## WHAT IS REQUIRED
Could you return every record below word for word, leaving out the pictures?
[[ SUPPLIED RECORDS open ]]
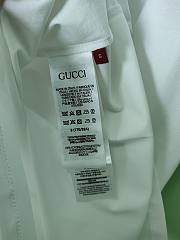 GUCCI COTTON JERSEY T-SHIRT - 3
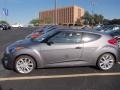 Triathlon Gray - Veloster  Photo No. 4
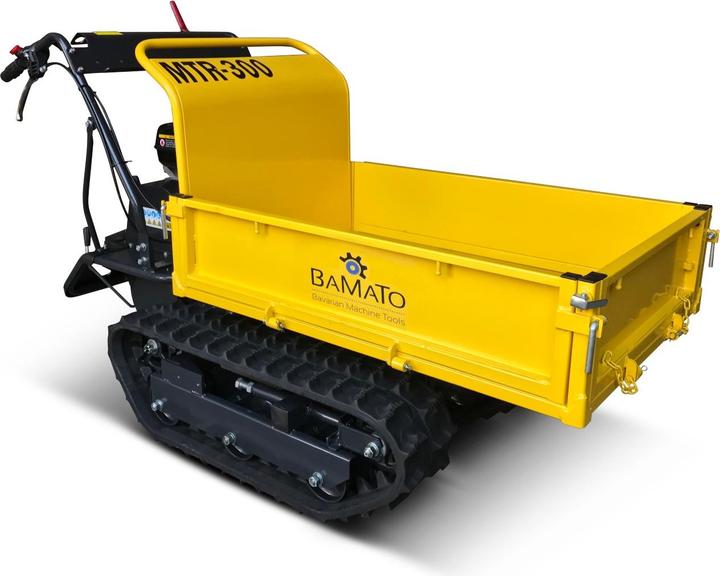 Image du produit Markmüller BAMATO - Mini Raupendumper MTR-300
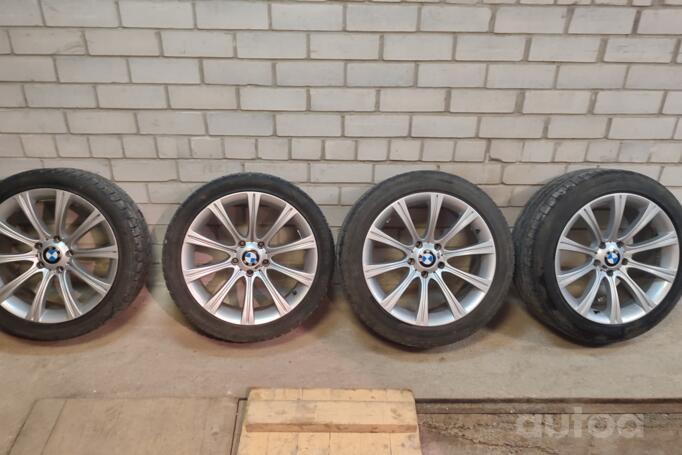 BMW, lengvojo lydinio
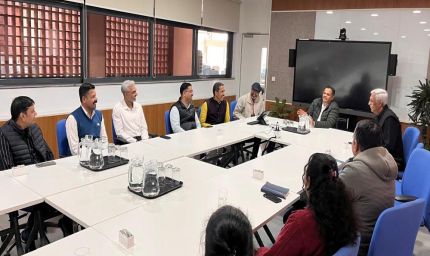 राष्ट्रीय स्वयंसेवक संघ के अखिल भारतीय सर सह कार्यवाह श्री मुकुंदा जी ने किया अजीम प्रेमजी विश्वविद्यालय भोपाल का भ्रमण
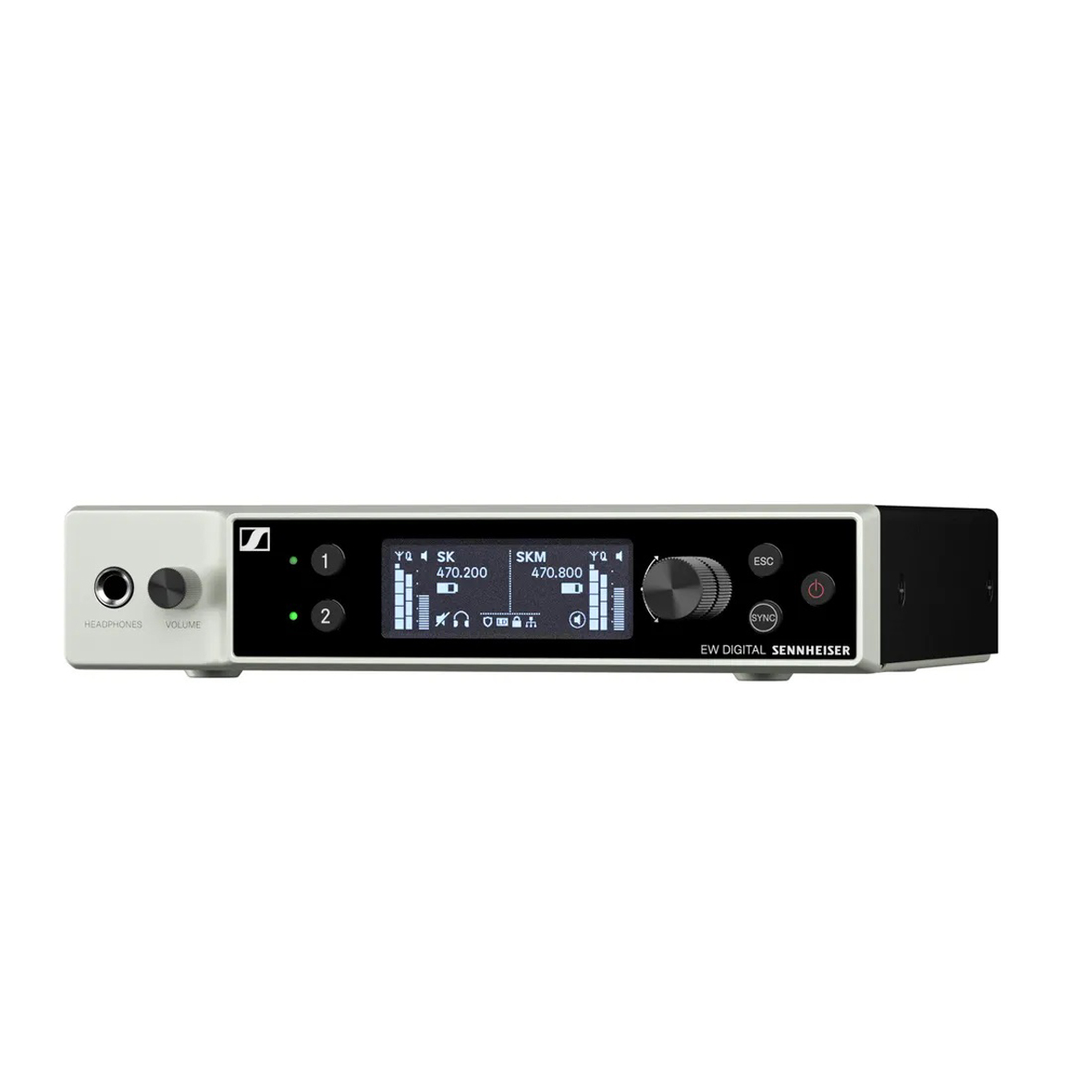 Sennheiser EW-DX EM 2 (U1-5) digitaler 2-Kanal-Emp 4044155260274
[[ SUPPLIED RECORDS closed ]]
## ANSWER SPACE
 GUCCI COTTON JERSEY T-SHIRT - 3
 Triathlon Gray - Veloster  Photo No. 4
 Image du produit Markmüller BAMATO - Mini Raupendumper MTR-300
 BMW, lengvojo lydinio
 राष्ट्रीय स्वयंसेवक संघ के अखिल भारतीय सर सह कार्यवाह श्री मुकुंदा जी ने किया अजीम प्रेमजी विश्वविद्यालय भोपाल का भ्रमण
 Sennheiser EW-DX EM 2 (U1-5) digitaler 2-Kanal-Emp 4044155260274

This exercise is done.